**Records provided:**

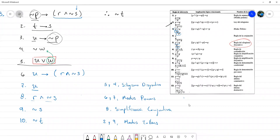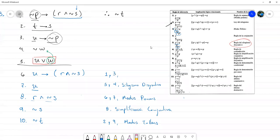Y ahí estaría. La justificación de la línea 6 es 1 y 3, ley del silogismo hipotético. No sé si hay alguien más con alguna observación o pregunta.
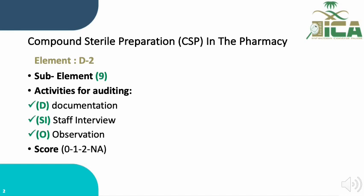The compound sterile preparation in the pharmacy is considered in domain D, particularly element D.2, and it consists of nine sub-elements. The activities required for evaluating or auditing these sub-elements include document review (D), staff interview (SI), and observation (O). Scoring ranges from zero for not implemented, one for partial, two for full, and NA for not applicable.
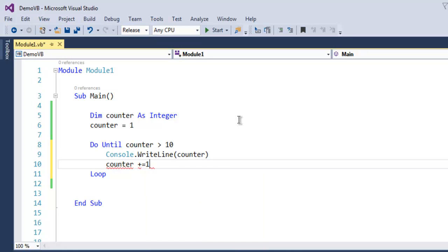As you can see, my loop will count up to the value of 10, and if the value is greater than 10 then it will exit.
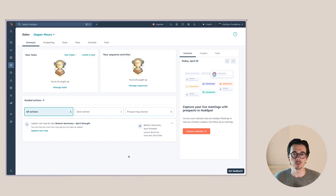My name is Jasper. I'm a certified HubSpot consultant. Let me share my screen and I'll show you exactly how this works.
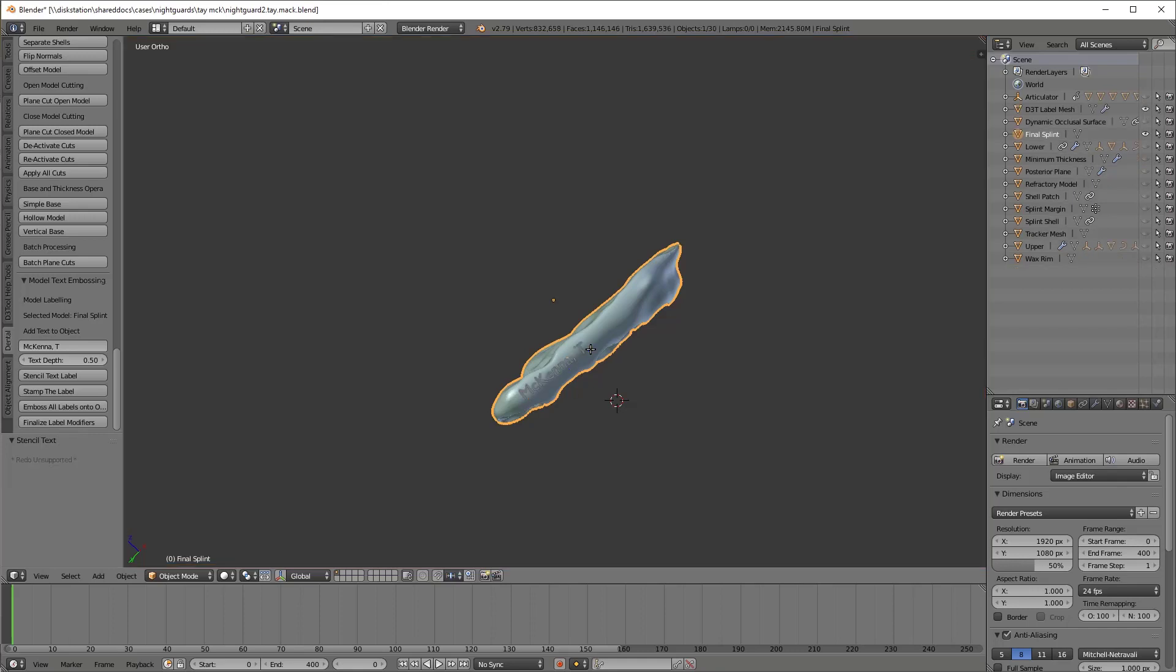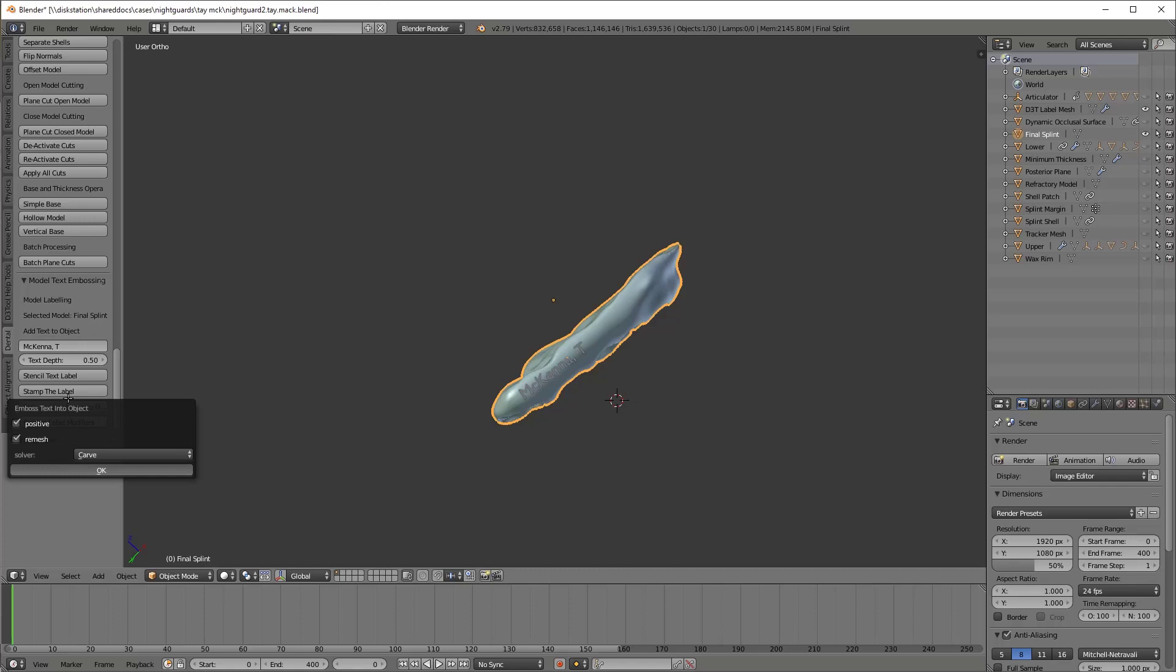So there we go. I'm going to emboss it. This operation is somewhat slow, but eventually it gets done. And then we'll go ahead and save the file, export it.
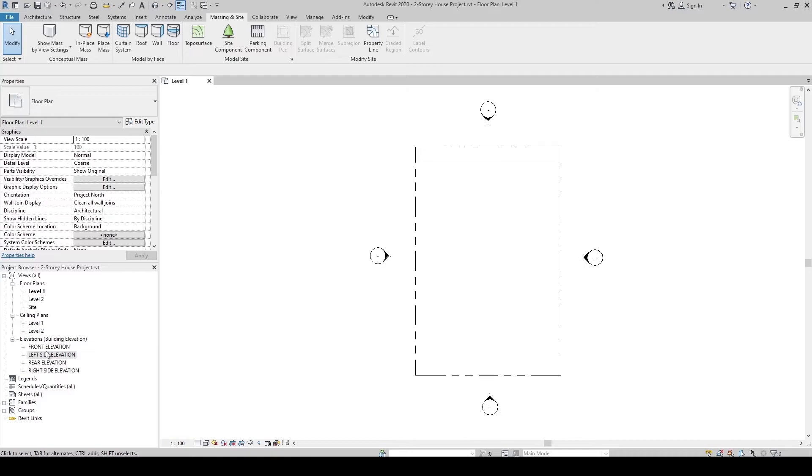And now our elevation views are set into the right locations around our property line. That's it. Let's set now our levels to further the preparation phase.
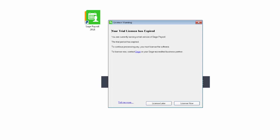To continue processing pay in Sage Payroll, you must click License now and enter your license details.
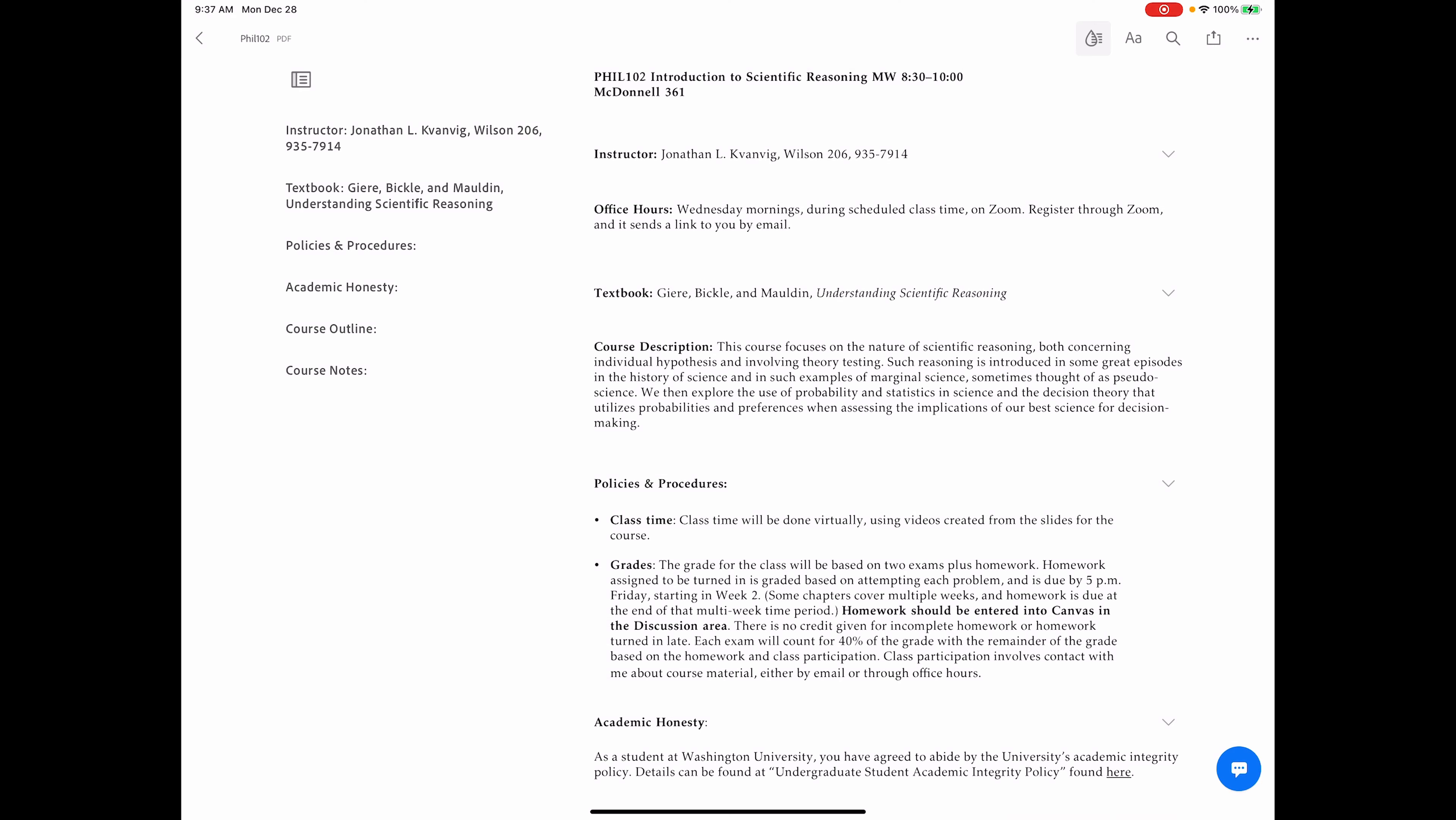Welcome to Philosophy 102, Introduction to Scientific Reasoning. My name is John Kwanveig. Last name is kind of weird, so let me say it again for you.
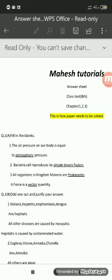This is Class Test 1 for 8th standard. This class test includes chapter 1, chapter 2, and chapter 3. In this video we are going to understand how to solve the question paper properly. This question paper consists of various questions and sub-questions, and we are going to look at them one by one and understand how to write them in the answer sheet.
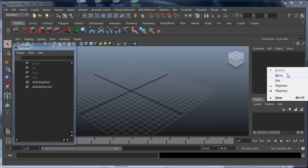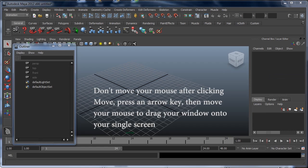Go and select Move. It'll usually show up on the very edge of your single screen. Click on Move, and then don't move your mouse, don't do anything. Just hit any of the arrow keys on your keyboard.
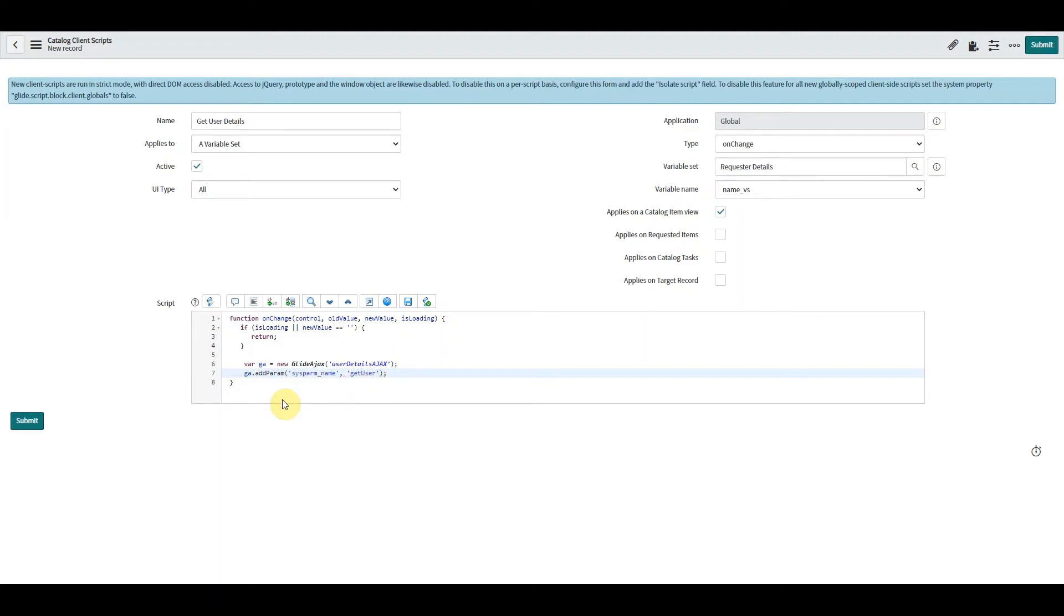And this tells us the name of the function within that script include that we're going to use.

**To do:** Reproduce precisely the lines of the listing above, from the line containing "My name is Jasper." to the last line, both ends included. Pictures are to be omitted.

**Solution to the exercise:**
My name is Jasper. I'm a certified HubSpot consultant. Let me share my screen and I'll show you exactly how this works.
So there we go. I'm going to emboss it. This operation is somewhat slow, but eventually it gets done. And then we'll go ahead and save the file, export it.
And now our elevation views are set into the right locations around our property line. That's it. Let's set now our levels to further the preparation phase.
To continue processing pay in Sage Payroll, you must click License now and enter your license details.
Welcome to Philosophy 102, Introduction to Scientific Reasoning. My name is John Kwanveig. Last name is kind of weird, so let me say it again for you.
This is Class Test 1 for 8th standard. This class test includes chapter 1, chapter 2, and chapter 3. In this video we are going to understand how to solve the question paper properly. This question paper consists of various questions and sub-questions, and we are going to look at them one by one and understand how to write them in the answer sheet.
Go and select Move. It'll usually show up on the very edge of your single screen. Click on Move, and then don't move your mouse, don't do anything. Just hit any of the arrow keys on your keyboard.
And this tells us the name of the function within that script include that we're going to use.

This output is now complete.